Following an event known as ‘The Crisis’, impressively bearded survivalist David (Tim Kaiser) hopes to sit out the apocalypse in his humble tent in the woods. Onto this scene stumbles fellow survivor Mary (Lulu Dahl), who finagles herself a place in the tent after David is injured. The relative safety of David’s quiet place comes under threat when this argumentative new presence brings Those Who Walk in Darkness – unseen monsters who may or may not have started it all – down upon their heads.

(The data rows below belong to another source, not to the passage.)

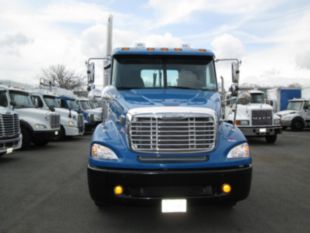 2005 Freightliner Columbia Diesel 6x4 Day Cab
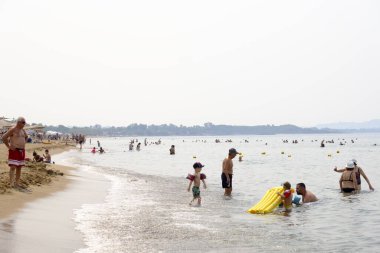 24 Ağustos 2023 'te insanlar Kourouta, Amaliada, Yunanistan' daki plajın keyfini çıkarıyorlar..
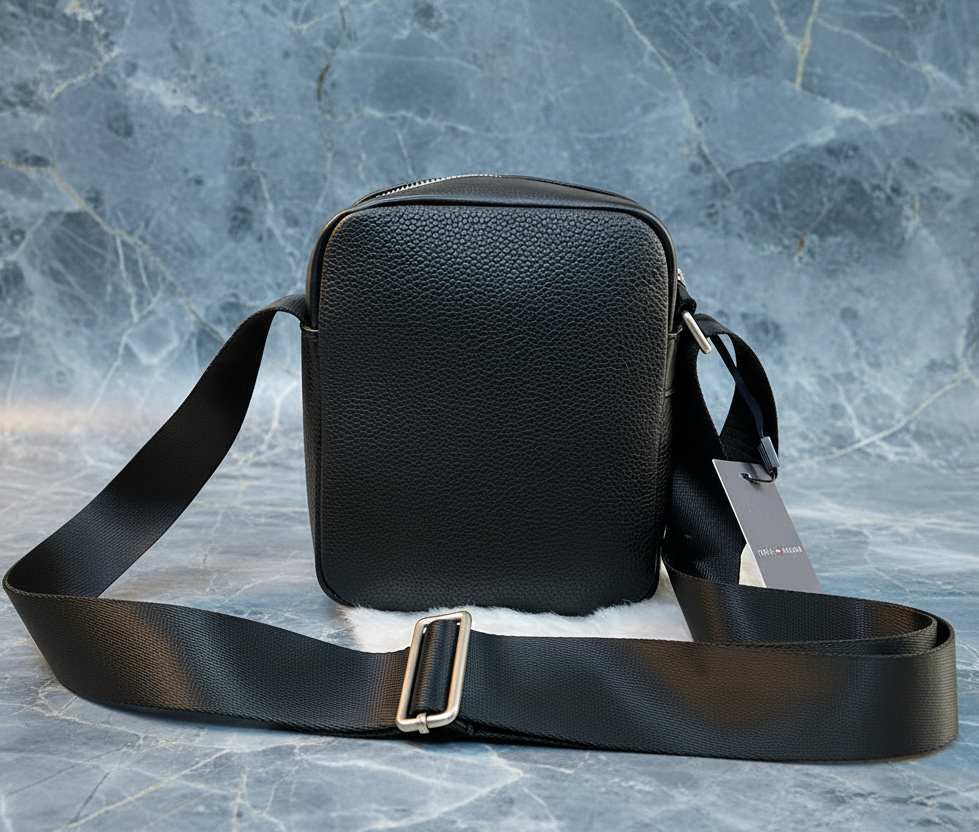 حقيبة كروس بودي صغيرة للرجال من تومي هيلفيغر -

Kyle Couch’s single-location horror film may be overly influenced by recent cinema trends, but it’s more than a simple Bird Box or Quiet Place rip-off. Perhaps that’s by necessity; it can’t afford to be. On such a meagre budget, Couch keeps his monsters to the shadows, his characters hunkered down in David’s tent. The cinematography is simple and gloomy, but it works for the story being told. In spite of its name being in the title and everything, the actual tent doesn’t have much personality, but the film has a certain atmosphere regardless. Couch’s writing (of which there is a lot) is the real star of the show, papering over any cracks in the visuals and occasionally flat acting.
Those who go in expecting post-apocalyptic action or big scares will likely be disappointed by The Tent. Astonishing twist aside, this is more quiet character drama than anything else – a study of profound loneliness in two lost souls, reconnecting in a crappy tent in the woods. Like David’s tent, it’s shabby and unassuming, but gets the job done.